## [Task details]
Only lines holding the word "Grand" are needed; copy each of them from the material.

===

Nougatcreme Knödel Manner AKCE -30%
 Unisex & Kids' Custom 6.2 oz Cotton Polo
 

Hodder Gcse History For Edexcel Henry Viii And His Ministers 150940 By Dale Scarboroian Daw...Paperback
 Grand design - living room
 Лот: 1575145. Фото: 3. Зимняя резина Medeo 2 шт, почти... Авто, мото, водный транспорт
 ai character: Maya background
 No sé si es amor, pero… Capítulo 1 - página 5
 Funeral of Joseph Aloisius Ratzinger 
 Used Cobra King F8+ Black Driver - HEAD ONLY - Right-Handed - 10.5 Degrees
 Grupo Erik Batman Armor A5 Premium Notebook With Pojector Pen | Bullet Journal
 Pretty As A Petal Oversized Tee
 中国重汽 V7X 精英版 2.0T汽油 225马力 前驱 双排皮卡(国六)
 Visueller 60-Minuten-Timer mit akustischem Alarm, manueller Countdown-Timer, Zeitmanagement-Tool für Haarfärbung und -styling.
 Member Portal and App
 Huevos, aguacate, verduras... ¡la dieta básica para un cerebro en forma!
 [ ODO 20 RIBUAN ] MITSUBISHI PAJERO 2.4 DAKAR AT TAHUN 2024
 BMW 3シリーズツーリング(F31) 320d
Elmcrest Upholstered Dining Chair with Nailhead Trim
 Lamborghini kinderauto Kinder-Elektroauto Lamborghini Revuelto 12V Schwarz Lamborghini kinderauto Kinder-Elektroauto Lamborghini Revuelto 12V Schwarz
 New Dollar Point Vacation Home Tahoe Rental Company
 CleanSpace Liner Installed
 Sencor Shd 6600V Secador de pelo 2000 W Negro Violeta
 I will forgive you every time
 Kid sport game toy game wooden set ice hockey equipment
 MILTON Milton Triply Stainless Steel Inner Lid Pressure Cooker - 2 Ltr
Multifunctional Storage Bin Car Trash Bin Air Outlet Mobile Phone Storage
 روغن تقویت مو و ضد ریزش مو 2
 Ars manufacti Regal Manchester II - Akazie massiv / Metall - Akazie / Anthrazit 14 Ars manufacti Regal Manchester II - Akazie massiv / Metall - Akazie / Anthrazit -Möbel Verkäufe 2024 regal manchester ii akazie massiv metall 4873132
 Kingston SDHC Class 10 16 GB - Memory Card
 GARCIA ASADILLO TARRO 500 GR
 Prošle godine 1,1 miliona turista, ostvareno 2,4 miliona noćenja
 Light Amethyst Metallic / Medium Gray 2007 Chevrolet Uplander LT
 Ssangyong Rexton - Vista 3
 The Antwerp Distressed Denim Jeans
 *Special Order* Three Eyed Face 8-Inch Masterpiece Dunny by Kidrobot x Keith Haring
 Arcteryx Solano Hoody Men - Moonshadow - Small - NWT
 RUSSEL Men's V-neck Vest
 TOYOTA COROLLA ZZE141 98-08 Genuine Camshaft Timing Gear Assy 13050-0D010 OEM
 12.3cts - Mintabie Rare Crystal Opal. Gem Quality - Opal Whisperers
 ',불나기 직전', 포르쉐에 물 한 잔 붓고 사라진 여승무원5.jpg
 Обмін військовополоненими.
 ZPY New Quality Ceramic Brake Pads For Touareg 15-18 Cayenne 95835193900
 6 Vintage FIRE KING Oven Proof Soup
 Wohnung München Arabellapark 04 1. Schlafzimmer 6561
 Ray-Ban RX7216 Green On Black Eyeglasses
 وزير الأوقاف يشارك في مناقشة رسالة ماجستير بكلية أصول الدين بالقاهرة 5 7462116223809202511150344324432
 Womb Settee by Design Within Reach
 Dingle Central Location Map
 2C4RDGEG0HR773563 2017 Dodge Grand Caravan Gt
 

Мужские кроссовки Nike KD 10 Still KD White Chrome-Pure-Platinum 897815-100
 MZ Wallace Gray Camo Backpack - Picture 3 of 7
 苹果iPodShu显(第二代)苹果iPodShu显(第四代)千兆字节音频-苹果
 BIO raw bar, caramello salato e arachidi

===

## [Exercise response]
 Grand design - living room
 2C4RDGEG0HR773563 2017 Dodge Grand Caravan Gt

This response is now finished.